No es obedecer a estructuras externas o figuras autoritarias, sino obedecer a la voz del ser, al maestro interior. Esta lámpara se activa cuando silenciamos el ruido del mundo y escuchamos con honestidad.
Práctica: Escucha interior, escritura automática, contemplación, decir “no” cuando toca.
La Lámpara de la Verdad, luz en la sombra, valentía para mirar lo oculto.
Esta lámpara revela aquello que evitamos ver: en nosotros, en los demás, en el mundo. Es una luz que incomoda, pero que libera. Se relaciona con el arquetipo del alquimista que desciende al inframundo para encontrar oro.
Práctica: Autoindagación, terapia del alma, sombra jungiana, decir lo que se calla.
La Lámpara de la Belleza, integración, armonía, contemplación del todo.
La belleza no es solo estética. Es el reflejo de lo divino en todas las cosas, incluso en lo aparentemente feo o roto. Esta lámpara se enciende cuando todo lo anterior se integra: vida, amor, poder, memoria, obediencia y verdad.

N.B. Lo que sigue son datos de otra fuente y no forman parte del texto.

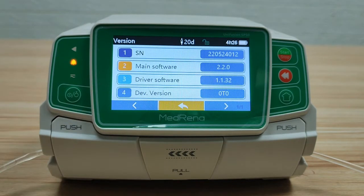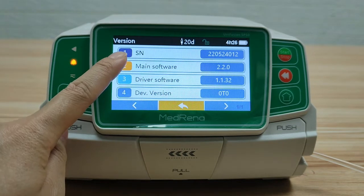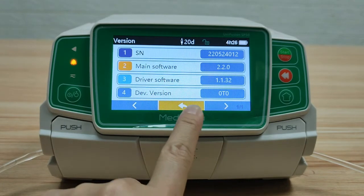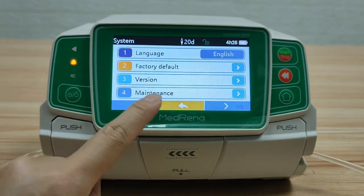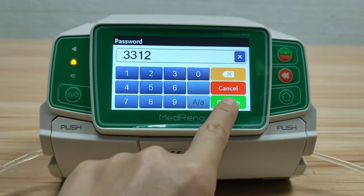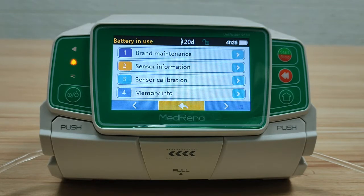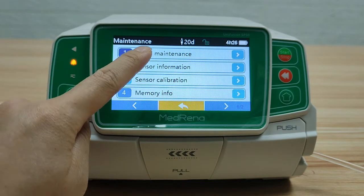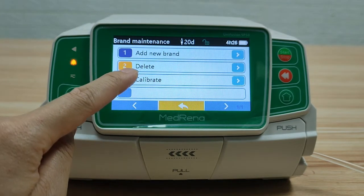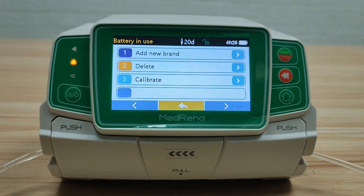Version: here it shows the serial number, the software version, and the device version of the pump. Maintenance: enter the password. There are different settings under this item. First, brand maintenance — we can add, delete, and calibrate the infusion set brand. We will explain how to add a new infusion set brand and calibrate it in the next video.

Práctica: Arte, contemplación de la naturaleza, gratitud, ver lo sagrado en lo cotidiano.
Conexión con otras tradiciones:
En la Cábala, hay 10 sefirot que representan cualidades divinas, y algunas de estas lámparas coinciden (como Tiferet = Belleza, Guevurá = Poder, Jesed = Amor).
En el sufismo, las "lámparas del corazón" son mencionadas como estaciones del alma en su viaje hacia lo divino.
En el cristianismo esotérico, se habla de las "lámparas de aceite" que las vírgenes prudentes llevan encendidas para el encuentro con el Amado.
En el hinduismo, los chakras podrían verse como lámparas energéticas, cada una portando una función espiritual similar a las que mencionas.